### INPUT DATA
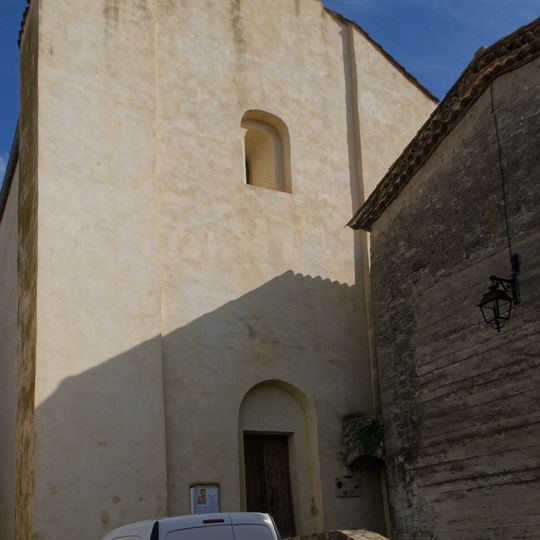 Église Saint-Jean de Vic-le-Fesq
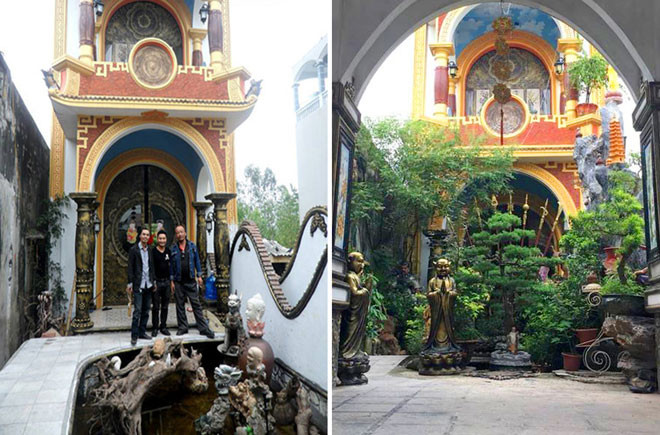 Ngoi nha phong thuy ky quai o Hung Yen hien tai ra sao-Hinh-6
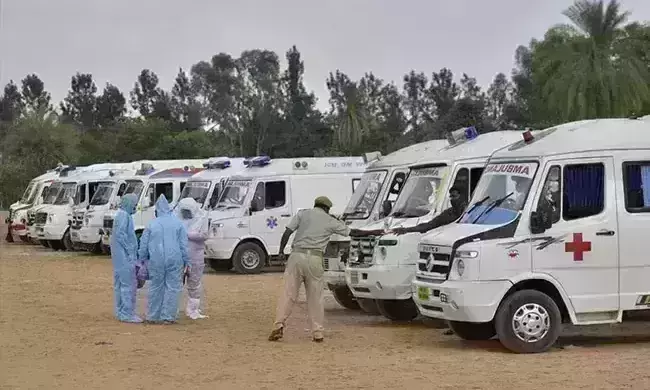 COVID health crisis makes deep crevice in BJP, RSS ranks: Report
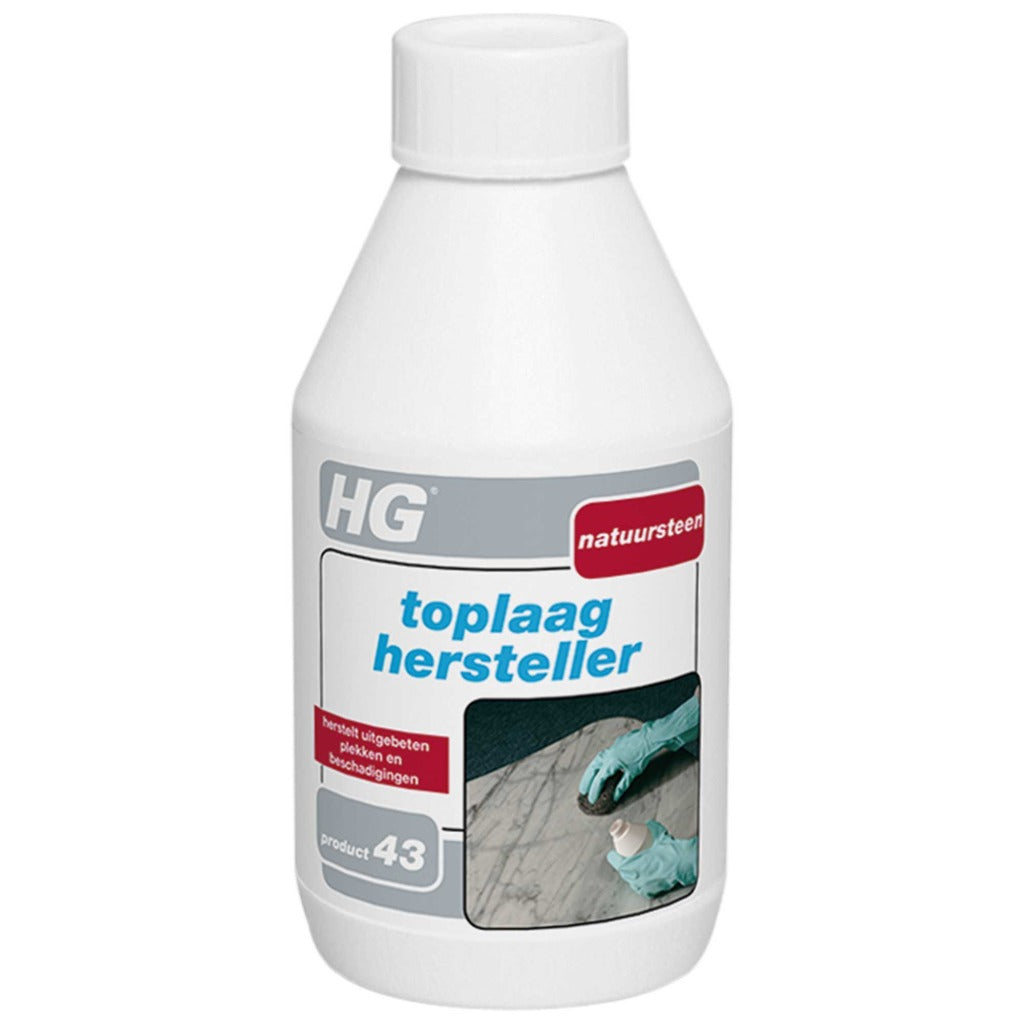 HG HG Natural Stone Top Layer Reparador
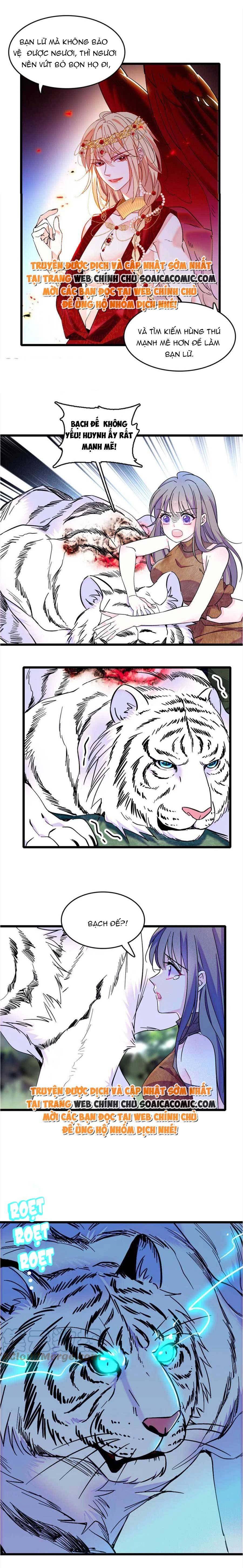 Manh Động Thú Thế - Chap 86 - Trang 5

### WORK INSTRUCTIONS
Beginning at the line that contains "COVID health crisis" and ending at the last line of the data, return each line exactly; no picture belongs in the copy.

### ANSWER FOR THE TASK
 COVID health crisis makes deep crevice in BJP, RSS ranks: Report
 HG HG Natural Stone Top Layer Reparador
 Manh Động Thú Thế - Chap 86 - Trang 5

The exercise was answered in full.